- _WORK INSTRUCTIONS_: In the data below, find each line containing the string "animal" and return it.

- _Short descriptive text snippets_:
◇ ◇ ◇
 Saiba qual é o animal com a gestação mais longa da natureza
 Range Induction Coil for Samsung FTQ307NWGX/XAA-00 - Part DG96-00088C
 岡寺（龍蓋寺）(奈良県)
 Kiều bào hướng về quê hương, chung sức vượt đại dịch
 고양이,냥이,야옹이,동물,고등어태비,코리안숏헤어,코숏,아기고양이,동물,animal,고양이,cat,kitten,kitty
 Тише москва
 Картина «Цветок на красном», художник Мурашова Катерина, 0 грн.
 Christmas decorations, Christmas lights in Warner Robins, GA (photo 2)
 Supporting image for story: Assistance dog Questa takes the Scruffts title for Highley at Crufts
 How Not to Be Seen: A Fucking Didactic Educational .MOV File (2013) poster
◇ ◇ ◇
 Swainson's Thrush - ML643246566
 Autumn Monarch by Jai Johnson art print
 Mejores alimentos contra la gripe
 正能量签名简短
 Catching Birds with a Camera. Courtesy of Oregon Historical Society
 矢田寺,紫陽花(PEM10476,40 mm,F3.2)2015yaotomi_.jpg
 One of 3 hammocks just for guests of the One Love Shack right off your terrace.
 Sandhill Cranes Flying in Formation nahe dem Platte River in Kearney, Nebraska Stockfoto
◇ ◇ ◇
- _WRITTEN RESPONSE_:
 Saiba qual é o animal com a gestação mais longa da natureza
 고양이,냥이,야옹이,동물,고등어태비,코리안숏헤어,코숏,아기고양이,동물,animal,고양이,cat,kitten,kitty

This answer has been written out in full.